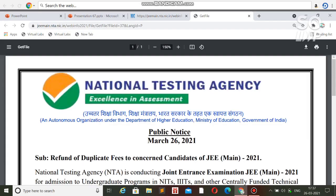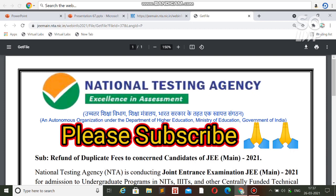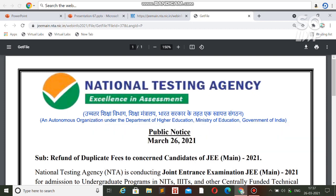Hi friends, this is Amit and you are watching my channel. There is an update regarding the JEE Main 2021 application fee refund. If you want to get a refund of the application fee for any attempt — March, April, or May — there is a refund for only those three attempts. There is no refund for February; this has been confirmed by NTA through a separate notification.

...

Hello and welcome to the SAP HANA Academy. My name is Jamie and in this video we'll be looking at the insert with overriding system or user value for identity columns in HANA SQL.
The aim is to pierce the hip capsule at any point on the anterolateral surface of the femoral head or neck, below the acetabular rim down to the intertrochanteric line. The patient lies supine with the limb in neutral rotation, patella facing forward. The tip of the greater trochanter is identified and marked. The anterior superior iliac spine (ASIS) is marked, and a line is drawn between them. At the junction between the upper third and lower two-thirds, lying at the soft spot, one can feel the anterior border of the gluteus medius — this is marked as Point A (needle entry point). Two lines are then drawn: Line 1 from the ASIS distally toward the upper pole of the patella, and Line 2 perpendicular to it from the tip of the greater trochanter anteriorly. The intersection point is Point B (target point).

...

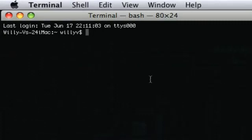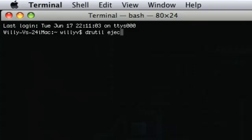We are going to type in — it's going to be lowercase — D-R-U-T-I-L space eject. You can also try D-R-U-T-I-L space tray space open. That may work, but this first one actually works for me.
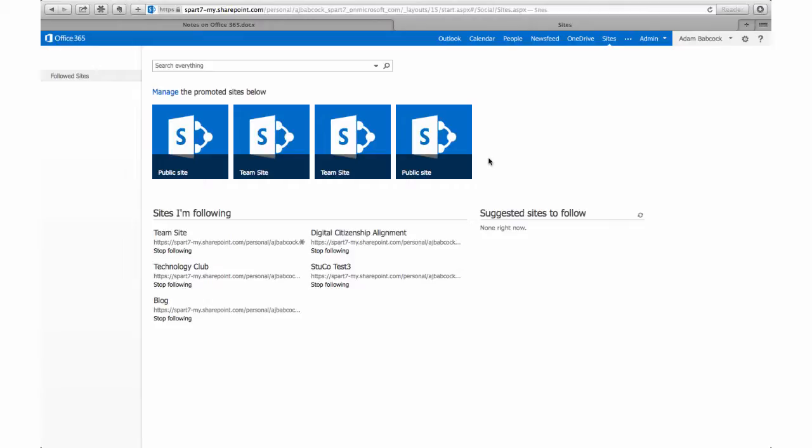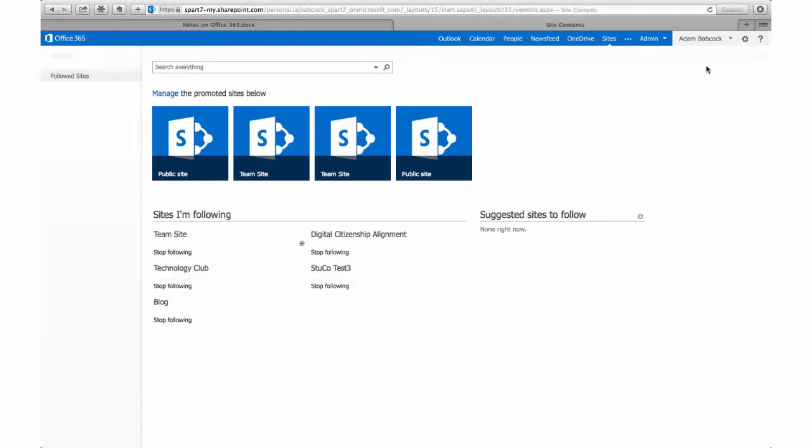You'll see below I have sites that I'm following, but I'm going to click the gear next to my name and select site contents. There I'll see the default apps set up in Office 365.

### WHAT TO DO
Take from the listing above each line containing "with".

### TASK RESPONSE
Hello and welcome to the SAP HANA Academy. My name is Jamie and in this video we'll be looking at the insert with overriding system or user value for identity columns in HANA SQL.
The aim is to pierce the hip capsule at any point on the anterolateral surface of the femoral head or neck, below the acetabular rim down to the intertrochanteric line. The patient lies supine with the limb in neutral rotation, patella facing forward. The tip of the greater trochanter is identified and marked. The anterior superior iliac spine (ASIS) is marked, and a line is drawn between them. At the junction between the upper third and lower two-thirds, lying at the soft spot, one can feel the anterior border of the gluteus medius — this is marked as Point A (needle entry point). Two lines are then drawn: Line 1 from the ASIS distally toward the upper pole of the patella, and Line 2 perpendicular to it from the tip of the greater trochanter anteriorly. The intersection point is Point B (target point).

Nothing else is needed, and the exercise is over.